## Exercise directions
Please write out only the lines from the line with "kids working on art" to the line with "Side table by Illum Wikkelso", inclusive, exactly as they stand below, without the pictures.

Information provided section start

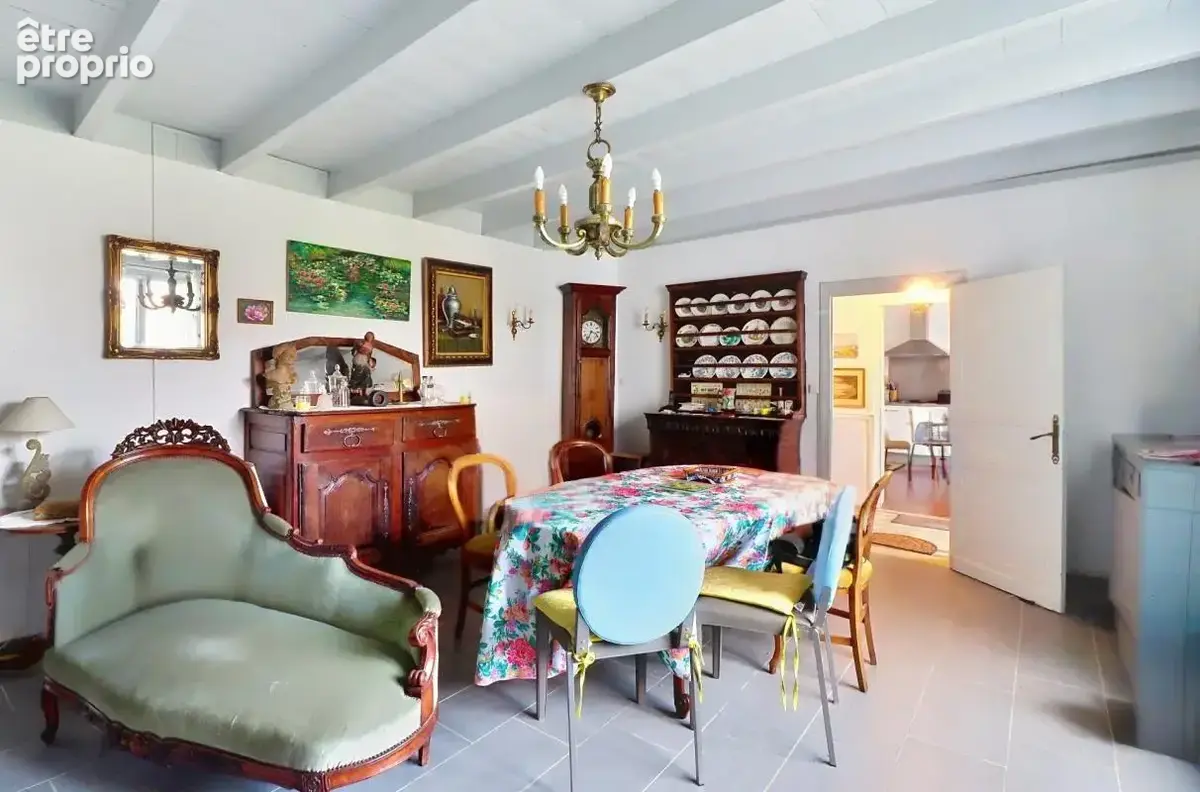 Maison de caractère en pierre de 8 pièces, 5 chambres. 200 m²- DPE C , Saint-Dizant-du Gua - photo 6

Information provided section end
Information provided section start

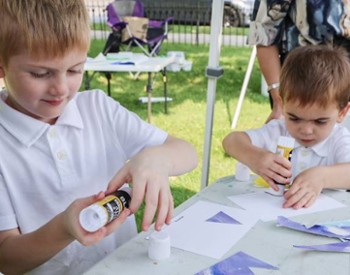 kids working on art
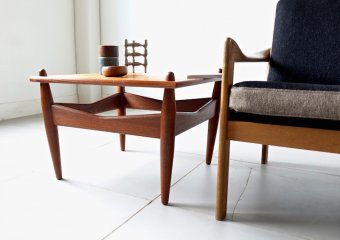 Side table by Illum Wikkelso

Information provided section end

## Exercise response
 kids working on art
 Side table by Illum Wikkelso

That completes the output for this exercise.